We even sent them the manufacturer's operators manual, including all wheelchair specifications and battery power needed to operate it. We took photographs, answered the same questions over and over again.
Three days before we were due to fly Special Assistance contacted us to say we could not take the wheelchair with us.
Really??!! Six months and five staff members we get told the wheelchair batteries exceed the IATA standard for watt hours.
Nonsense. There are two batteries that operate the wheelchair. Together these batteries exceed the 300 watt hours allowed.
However, if they are separated then both batteries fall way below the 300wh allowed.
The irony is I couldn't take the wheelchair on the flight but I could carry a spare battery of...300watt hours power!!!
We had bags made to ensure the batteries were unable to touch, had a separate case for the joystick, so there was no possible way the wheelchair could ever suddenly start operating whilst in the hold. In addition the wheelchair has plastic caps that are placed over any terminals that are open when the batteries and control arm are removed.
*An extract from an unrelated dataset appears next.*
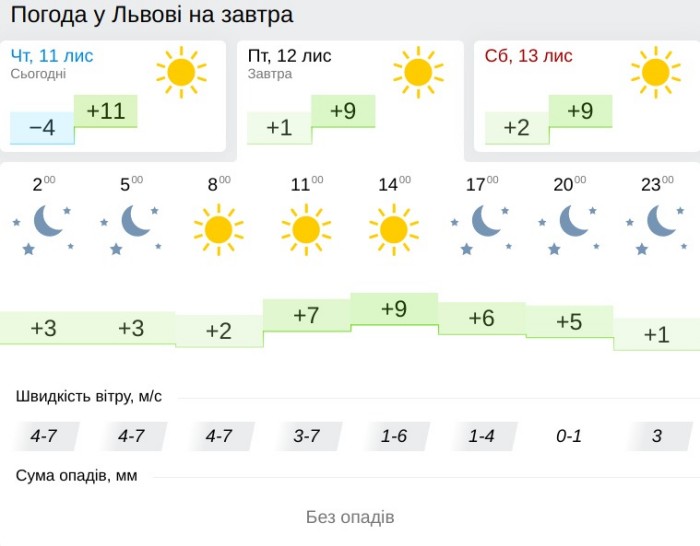 Погода у Львові 12 листопада, дані: Gismeteo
My husband phoned the UK Special Assistance offices and was told because the batteries exceeded the IATA allowance we could not travel with the wheelchair. We had only booked our visit to the UK to attend my nieces wedding, all the plans surrounding the wedding venue and reception had been made with me using my wheelchair in mind, and now 3 days before we are due to fly we are told we cannot take the wheelchair.
Only when my husband pointed out that we had been answering all of the same questions over and over since January 2019 and none of the five staff members gave us any nuance of an idea there would be a problem (one even said I could take the wheelchair right to the door of the aircraft!), did the lady say she would allow us one battery in the cabin hand luggage and the other in the hold. Which to us had all along been the intention so as not to exceed the 300wh battery allowance onboard.
And so it came time for us to return to South Africa. We had a letter for the lady at Special Assistance saying we could fly with one battery in the hold and the other onboard, both in their bags we had had made.
The lady at check in said she had never booked a wheelchair onboard before and so followed us being bombarded with questions from three Virgin Atlantic staff, one saying she needed to let the ground crew know, the other saying something over her shoulder to us as she walked away from us. After my husband was asked to put the 30kg wheelchair on the scale twice, both times unaided whilst two Virgin staff looked on, and much rechecking of the form that had to accompany my wheelchair, we were then told to go and find the Special Assistance desk ‘upstairs'. We had to ask two different Heathrow staff members where it was. Once we were registered there we were eventually assigned a team member to help us through the security and passport controls. Usually at the time of check in the lady behind the counter would call for a Special Assistance team member to come and help us. Perhaps this is not Virgin Atlantic's definition of Assistance.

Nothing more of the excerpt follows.